Wednesday, March 22, 2006

poking around with dtrace

Having released jfsstat, I've been using it on my test system just to see what would come up.

I left it running looking at file accesses - lookup, access, pathconf, readlink - and started to notice some odd patterns.

The first was that /proc was getting a very steady 25 lookups and 12.5 accesses per second. OK, that's easy - I had top running (refreshing every 5 seconds) and this system has 60 processes on it, so every refresh top is doing 1 access and 2 lookup per process.

The next was that / (and this machine just has the single filesystem) was seeing about 600 lookup and 10 access requests every 10 seconds.

The third part of the pattern was that roughly every minute there was a veritable storm of operations on the / filesystem.

Now, one of the longer term aims of my writing tools like jfsstat and jkstat is that you see some strange activity, and you can click on the activity there and then and drill down deeper - probably with dtrace. I'm not there yet, but I thought I would practice my dtrace skills and do it by hand.

OK, so what I'm after is ufs lookups.
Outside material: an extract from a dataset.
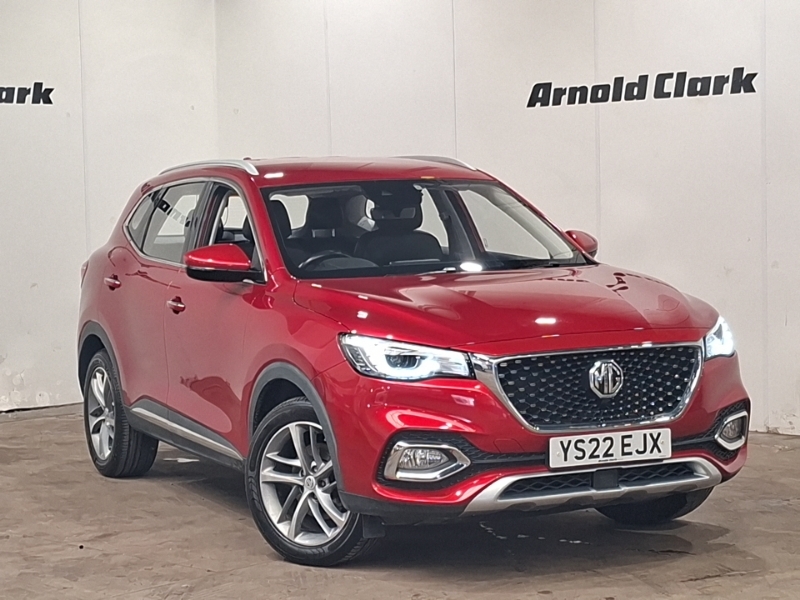 MG HS 1.5 T-gdi Excite Red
What can dtrace give me?

% dtrace -l | grep ufs| grep lookup
536 vtrace ufs ufs_lookup TR_UFS_LOOKUP_END
537 vtrace ufs ufs_lookup TR_UFS_LOOKUP_START
17836 fbt ufs ufs_lookup entry
17837 fbt ufs ufs_lookup return

Right. Let's have a look at what's generating those lookup requests:

% dtrace -n 'fbt:ufs:ufs_lookup:entry{@[execname]=count();}'
dtrace: description 'fbt:ufs:ufs_lookup:entry' matched 1 probe
^C

java 612

So, that 10 second repeating burst of 600 lookups is java. In fact, I know this to be tomcat.

Now I run the script again to catch the massive burst of activity that happens every minute:

% dtrace -n 'fbt:ufs:ufs_lookup:entry{@[execname]=count();}'
dtrace: description 'fbt:ufs:ufs_lookup:entry' matched 1 probe
^C

sched 24
pwd 28
sh 75
fping 91
server.sh 112
uname 150
mysqld 162
ping.sh 238
nscd 491
cron 498
init 988
load.sh 1014
rup 1539
java 1836
perl 2120
awk 2394
mysql 63666

I've hit the tomcat activity burst 3 times, but the once a minute is coming from something launched by cron - a system monitoring script that runs fping and rup and pokes the results back into a mysql database. But what on earth is mysql doing making 63666 lookup requests?

(The first question I asked was - is this one instance of mysql or many? If I aggregate on pid as well as execname then I see that I'm running a lot of copies of mysql, each of which generates 786 lookup requests on the filesystem.)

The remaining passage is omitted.